# [To do]
From the entries below, reproduce exactly the lines from the one with "賓利 無限誘惑男性淡香精 100ml" through the one with "DAVID SHIRE | CONVERSATION - O.S.T.", both included, without images.

# [Extracted information]
○ ○ ○
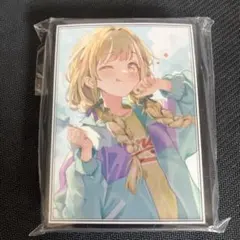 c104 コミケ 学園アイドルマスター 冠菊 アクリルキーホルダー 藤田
○ ○ ○
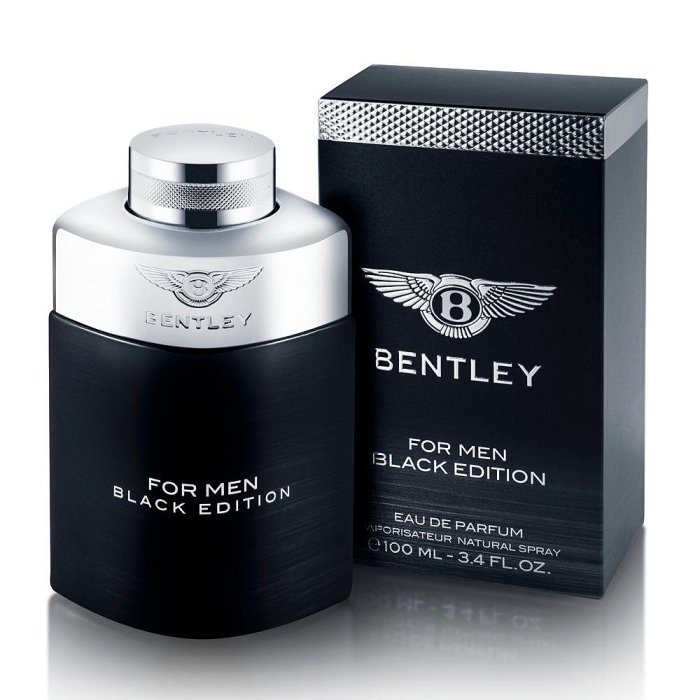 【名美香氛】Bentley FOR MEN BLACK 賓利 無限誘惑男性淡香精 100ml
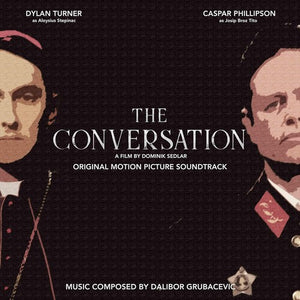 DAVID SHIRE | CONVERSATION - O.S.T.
○ ○ ○
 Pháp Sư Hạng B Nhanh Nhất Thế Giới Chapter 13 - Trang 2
○ ○ ○
# [Response area]
 【名美香氛】Bentley FOR MEN BLACK 賓利 無限誘惑男性淡香精 100ml
 DAVID SHIRE | CONVERSATION - O.S.T.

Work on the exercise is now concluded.